BEGIN Material provided
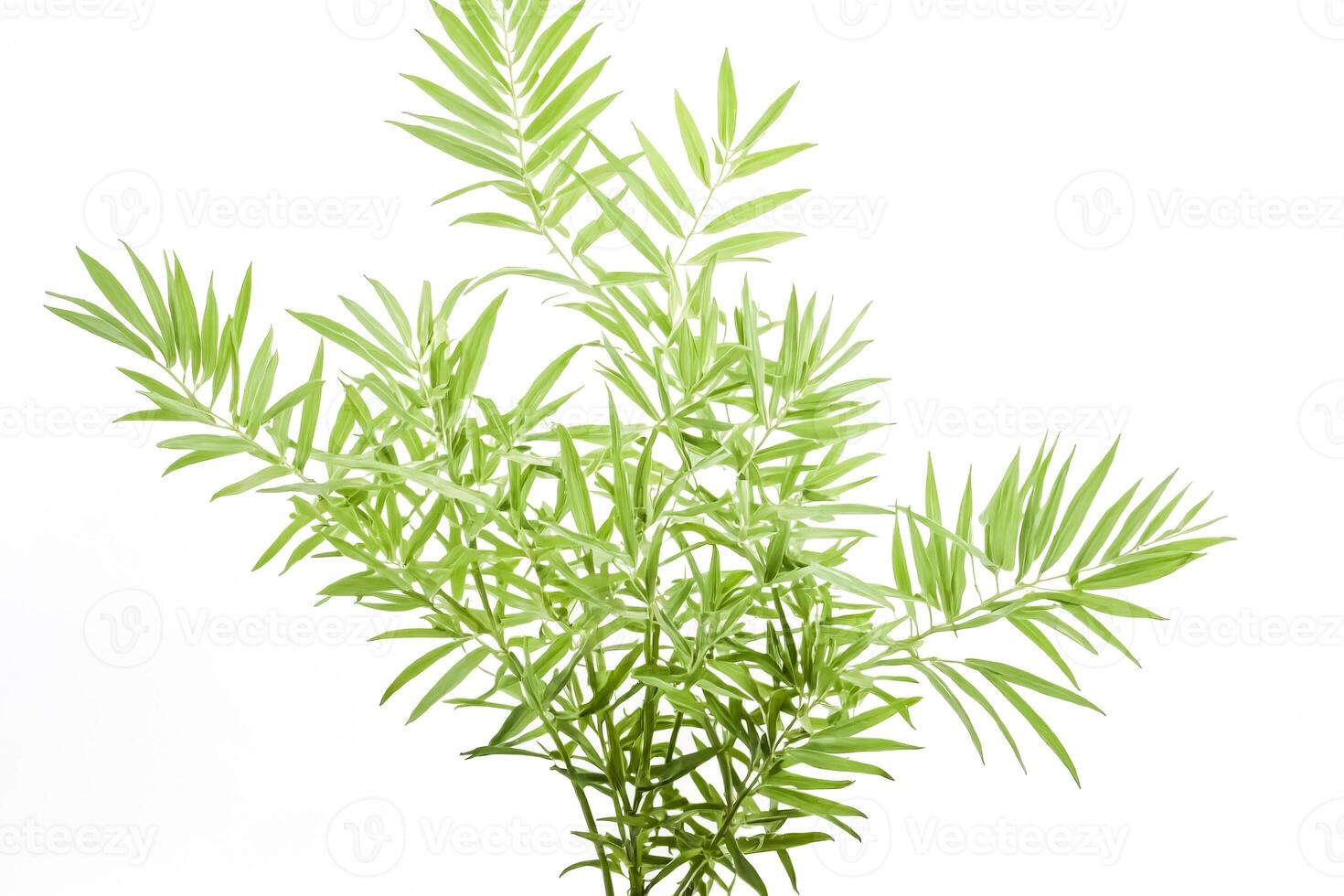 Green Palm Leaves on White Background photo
END Material provided
BEGIN Material provided
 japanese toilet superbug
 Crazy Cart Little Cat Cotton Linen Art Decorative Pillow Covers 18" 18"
END Material provided
BEGIN Material provided
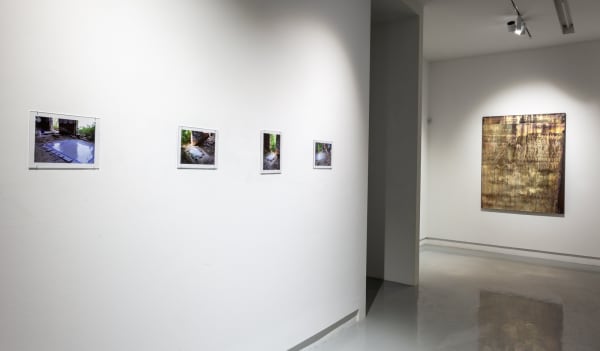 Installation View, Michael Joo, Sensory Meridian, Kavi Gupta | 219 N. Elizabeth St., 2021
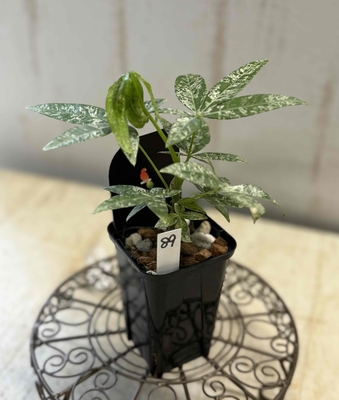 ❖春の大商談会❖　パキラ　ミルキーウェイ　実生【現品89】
END Material provided
* What the task asks: Begin with the line above that has "japanese toilet superbug" and continue through the line that has "Crazy Cart Little", setting each one down exactly. Stop there.

* Solution to the exercise:
 japanese toilet superbug
 Crazy Cart Little Cat Cotton Linen Art Decorative Pillow Covers 18" 18"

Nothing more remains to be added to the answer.